The Pressure to be Passionate About Everything

My husband has a lifelong single minded passion for guitars.  He loves everything about them from the sound they make to the way they are constructed.  His endless curiosity about the instrument has lead to a depth of knowledge that is both vast in amount and specific in detail. For example, he can name the favored string brands and gauges of nearly every well-known guitar player and some not so well known players with Rainman like precision.  He also loves to experiment with our guitars and the equipment that goes with them. Not a week goes by when he doesn't change the pickups or rewire the internal components of one of our guitars or bring home a new effects pedal - all in a search for a richer tone or a new sound. It follows that his professional career has included successful stints as a touring and recording musician, a repair shop guitar tech, and an instrument salesman. Simply put, he is a guitar expert, whose combination of love, knowledge and expertise for the instrument has allowed him to succeed in a difficult and ever-changing industry.

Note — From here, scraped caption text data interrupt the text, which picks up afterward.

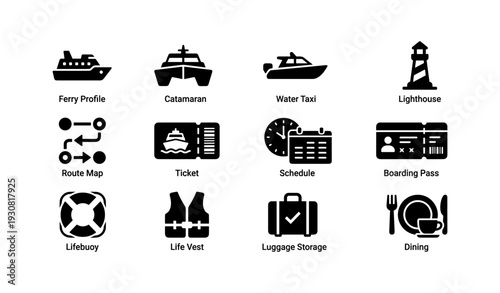 Nautical icons: ferry, catamaran, water taxi, route map, boarding pass, lighthouse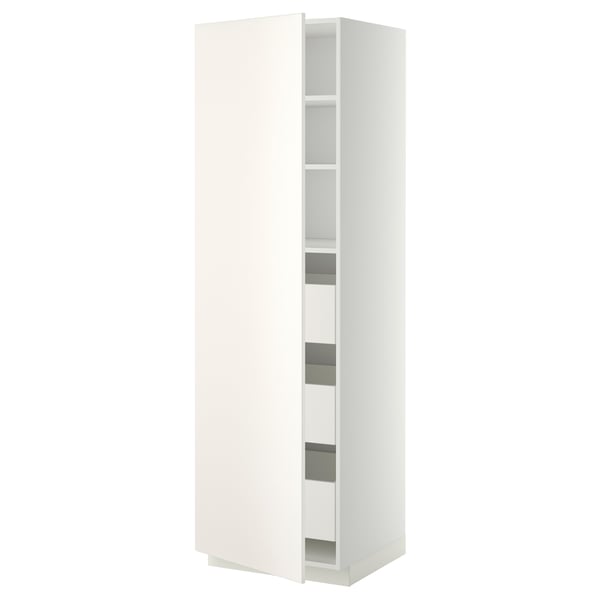 METOD / MAXIMERA - METOD / MAXIMERA High cabinet with drawers, white/Veddinge white, 60x60x200 cm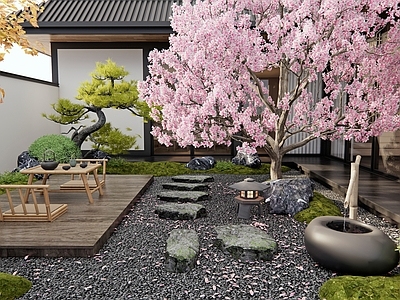 新中式庭院 乡村庭院 民宿庭院 别墅庭院 樱花 汀步石头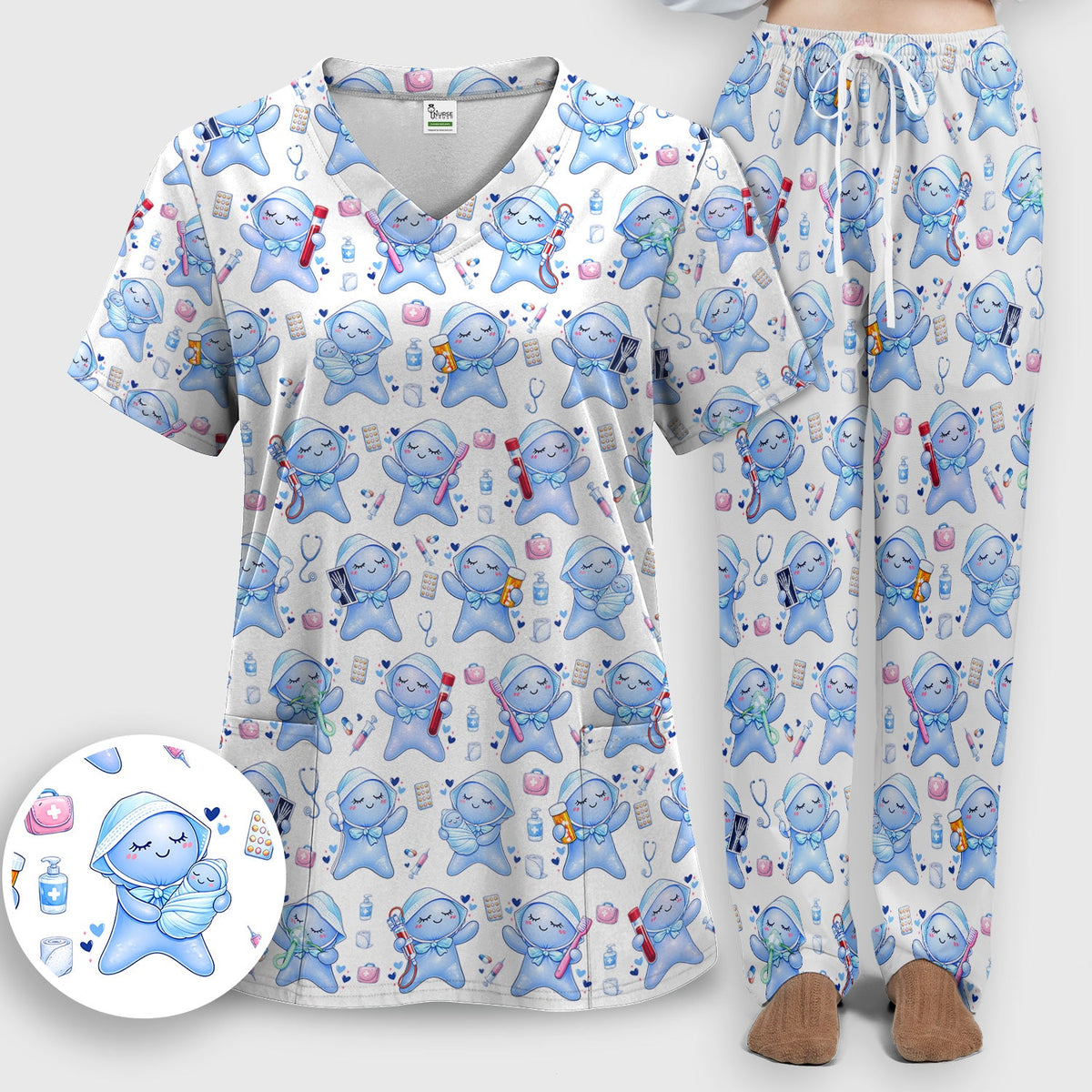Dental Tooth Character Nurse Scrub Set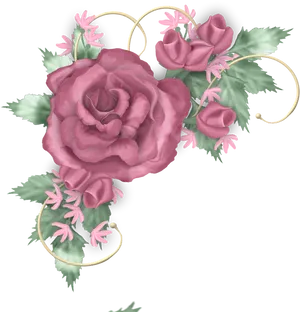 Elegant_ Rose_ Corner_ Border_ Design PNG Image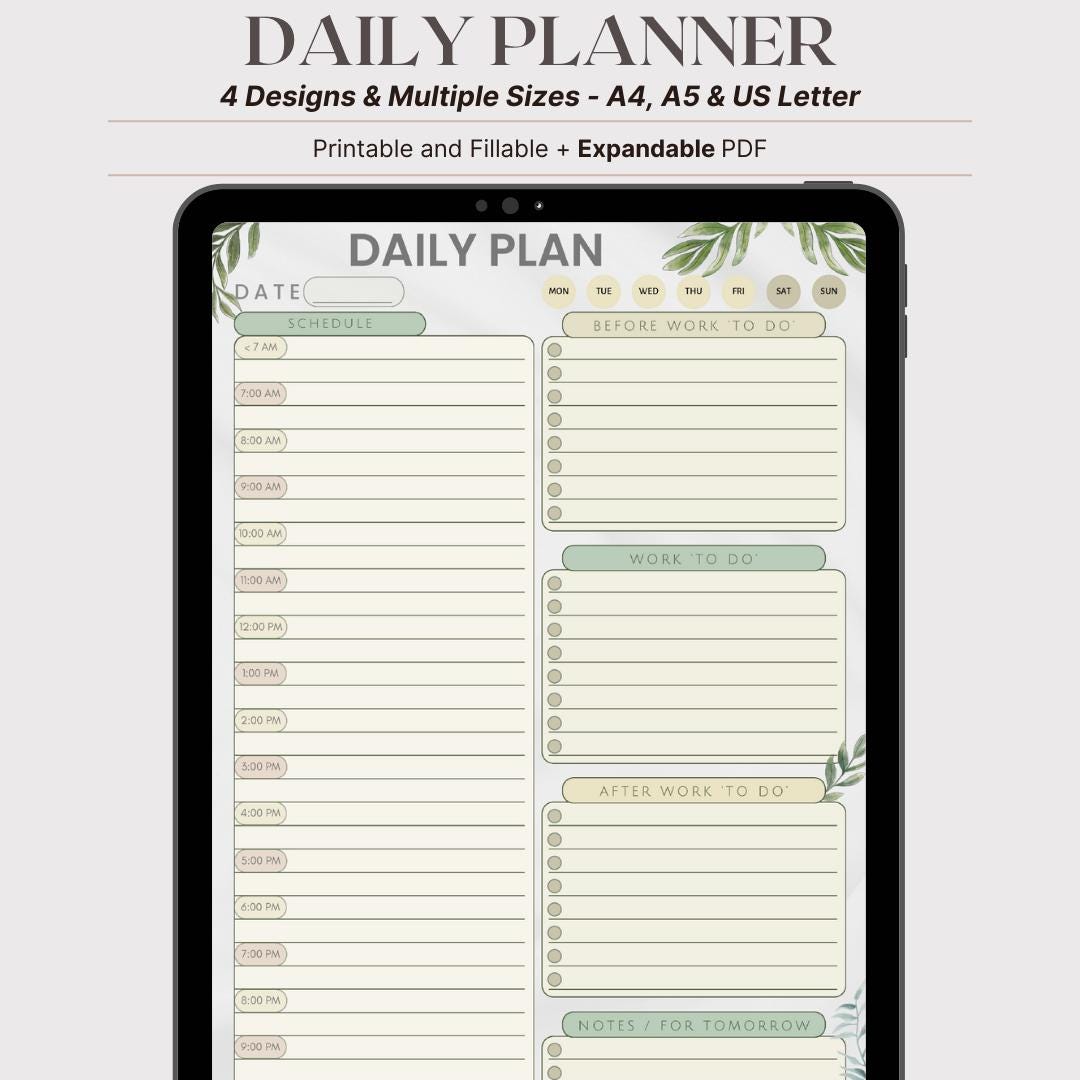 Daily Schedule Planner | Printable Fillable PDF | A4 A5 US Letter - Etsy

I envy my husband because I have never experienced such a single minded love for any one thing.  Sure, I have things that I have a great deal of interest in.  Like my husband, I have a love for music and for the guitar.  But my love is far less all-consuming.  Days will go by when I feel no desire to pick up the instrument - days when I'm sitting on my ass investigating other things that capture my momentary attention and interest.  

Today, I investigated the possibility of learning Danish, which was inspired by my enjoyment of the Danish TV series Rita, currently available on Netflix.  This series interests me because for much of my professional career I have been a teacher with a rebellious streak, much like Rita, the lead character.  In short, my interests connect to each other and almost always swirl around art, music, literature, media, and culture.  But no single interest has ever reached the depth my husband has for guitar. Moreover, I have had many small short term interests that, like Millay's first fig - burned at both ends but didn't last the night.

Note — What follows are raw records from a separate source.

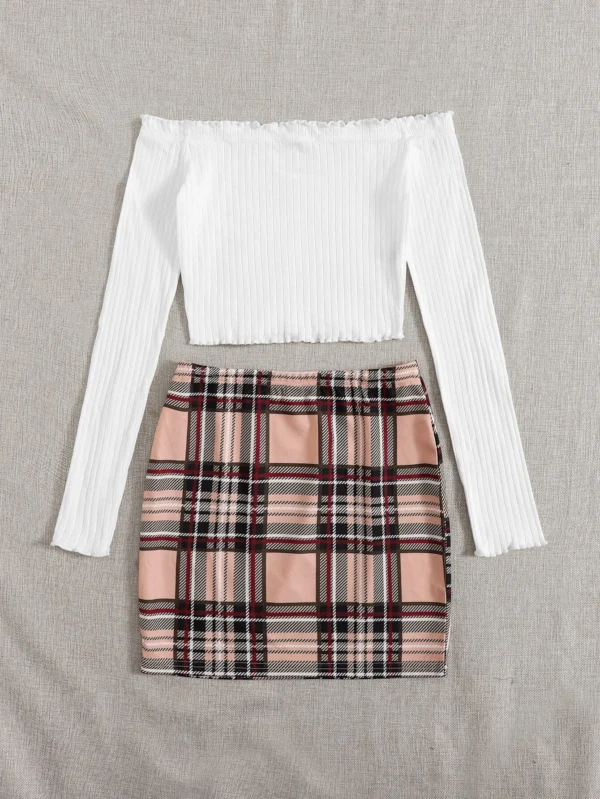 Conjunto camiseta de borde en forma de lechuga de hombros descubiertos con falda - Imagen 2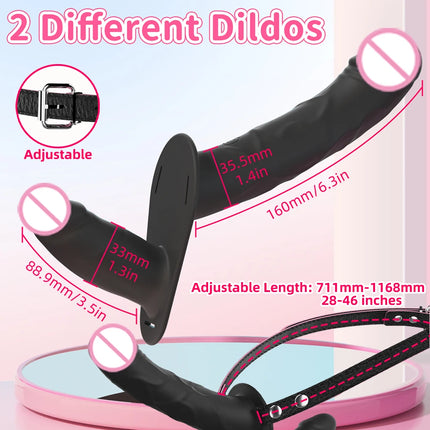 Strap on Harness Dildo Wearable G Spot Vibrator Adult Toy with Remote Control 10 Modes Double Ended Dildo Lesbian Womens Sex Toy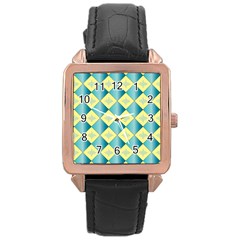 Yellow Blue Diamond Chevron Wave Rose Gold Leather Watch  by Mariart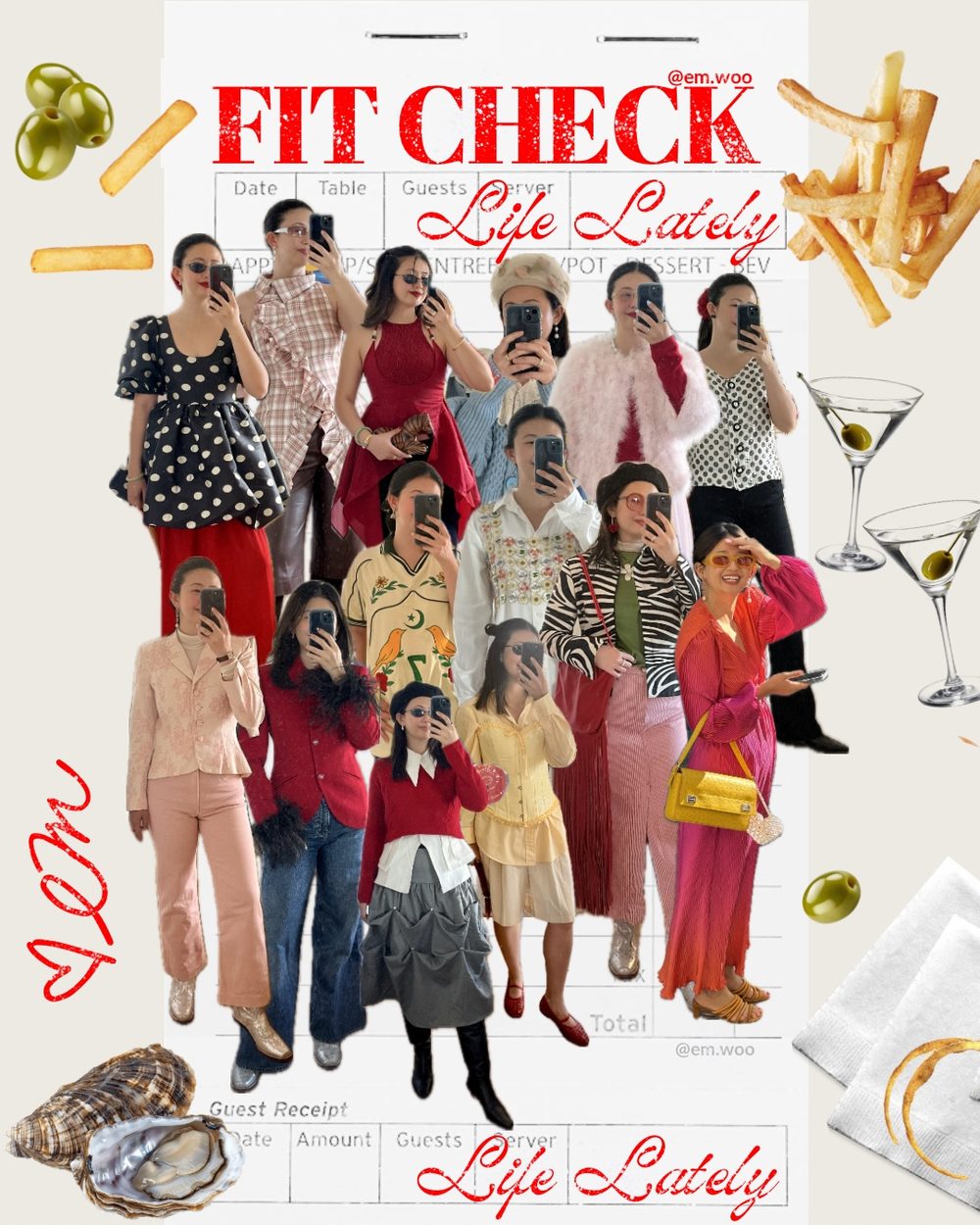 Fit Check cover collage — Life Lately, a grid of outfit photos on a diner receipt background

Even my almost 20-year career in education is not a deep, intensely focused passion. To be sure, I enjoy interacting with my students and engaging them in discussions about literature, writing and thinking; and my varous evaluators have reported that I'm a "talented" and "good" teacher. But talent and competence are not the same as passion; and there is nothing less interesting to me than discussions about education - or theories about how best to deliver content to students. That kind of shit makes my brain bleed. In this sense, I have zero interest in my career and as a result, I will never be a true educational expert regardless of my talent for teaching.  My core lack of interest in the foundations of my current profession makes me feel like a fraud; and, as a result, I have resisted fully committing to the career. I am perpetually looking for something different that will arouse the mystical passion people speak of - or that won't expect such passion at all.

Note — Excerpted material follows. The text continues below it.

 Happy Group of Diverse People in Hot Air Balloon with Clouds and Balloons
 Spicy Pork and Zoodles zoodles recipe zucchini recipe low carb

Perhaps none of this would bother me if there wasn't such a cultural premium placed on "passion." But, Americans are obsessed with finding their "one true" passion. Moreover those who ARE lucky enough to find a deep all-consuming passion do seem to succeed at higher levels because they have such a narrow plane of focus. This is perhaps what really bothers me. There is nothing - NOTHING that I love so much that I can imagine developing the intensity of focus or ambition needed for a successful long-term career. I am a jack of many trades and a master of none. In the end, I expect I'll have a lot of little things I did but no great capstone of professional achievement. Because I've been culturally programmed to believe that i should have a "passion" for something, and that my career should circle around that passion and should build toward something great and that only outlier success matters (thanks Malcolm Gladwell), I'm bothered by this.  

Is anyone else bothered by all this pressure to be passionate?